The decision in context of the GOAL Migration from ALEPH to ALMA was to get rid of the OWNER and only list the main library as owner. This was no decision of the lobid team but of the ALMA Consortium in Wave 1 and 2. The sublibrary info would not have an owner any more but only an not uniq sublibrary code in $u or $w. They are only uniq in relation to the main library code $M. Also not all sublibraries have corresponding ISILs.

<datafield tag="ITM" ind1=" " ind2=" ">
  <subfield code="H">22182509640007147</subfield>
  <subfield code="x">00009001</subfield>
  <subfield code="f">BOOK</subfield>
  <subfield code="v">00009001</subfield>
  <subfield code="p">04</subfield>
  <subfield code="X">System</subfield>
  <subfield code="Y">2022-06-28 02:00:00 Europe/Berlin</subfield>
  <subfield code="n">JAP/Ls3-7Ric5#a</subfield>
  <subfield code="M">49HBZ_BRIDGE_UBK</subfield>
  <subfield code="s">1</subfield>
  <subfield code="d">0</subfield>
  <subfield code="V">System</subfield>
  <subfield code="b">JAP/0020015</subfield>
  <subfield code="a">23182509600007147</subfield>
  <subfield code="c">JAP/Ls3-7Ric5#a</subfield>
  <subfield code="W">2023-02-23 19:52:29 Europe/Berlin</subfield>
  <subfield code="u">K1144</subfield>
  <subfield code="w">K1144</subfield>
</datafield>

This is a info huge loss for lobid. To be able to link to the specific sublibrary ISIL now we are depending on a mapping of the sublibrary codes which need to be provided by the libraries.

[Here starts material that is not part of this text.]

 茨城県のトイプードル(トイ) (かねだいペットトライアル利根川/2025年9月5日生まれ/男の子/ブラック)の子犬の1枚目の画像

In case of the bridges $u and $w the data seems to be the OWNER from the ALEPH data probably because you did not migrate yet. If the values in $u and $w are kept after the migration is unclear or unlikely due to the fact that ALMA has no owners. They will probably be replaced by sublibrary codes.

For a workaround we could use the Owner to Sigil and then the Sigil to ISIL mapping to map yout sublibrary. But this will not be a longterm solution for this problem. We need a mapping by your parent library of their sublibrary codes to isil to ensure your sublibrary to be listed after the migration of Köln or Bonn to ALMA.

gregorbg commented 1 year ago

Thank you so much for the detailed explanation! So this is a political decision by the Alma consortium after all. Would it be feasible/reasonable to use the existing Sigelliste at https://service-wiki.hbz-nrw.de/pages/viewpage.action?pageId=457703487 as a heuristic?

The reason why I'm so concerned about this is that I'd like to query our "Bestand" efficiently. The only way that I can see right now is to download the GZIPped JSONL for the entire DE-38 library and then manually filter on our side. This creates additional overhead as well as significant load on your servers because the entire Bestand for our Zentralbibliothek is huge.

TobiasNx commented 1 year ago

I will find out what I can do. But https://service-wiki.hbz-nrw.de/pages/viewpage.action?pageId=457703487 is only the list of deleted Sigils, but there seems to be a SQL Database here: https://service-wiki.hbz-nrw.de/display/VDBE/Liste+der+Sigel+und+Owner+der+hbz-Verbundbibliotheken?src=contextnavpagetreemode

I am talking to the Verbund-Gruppe, if I can reuse them as workaround for the Bridges

TobiasNx commented 1 year ago

I already have implemented this.

TobiasNx commented 1 year ago

This issue seems to be solved. Closing.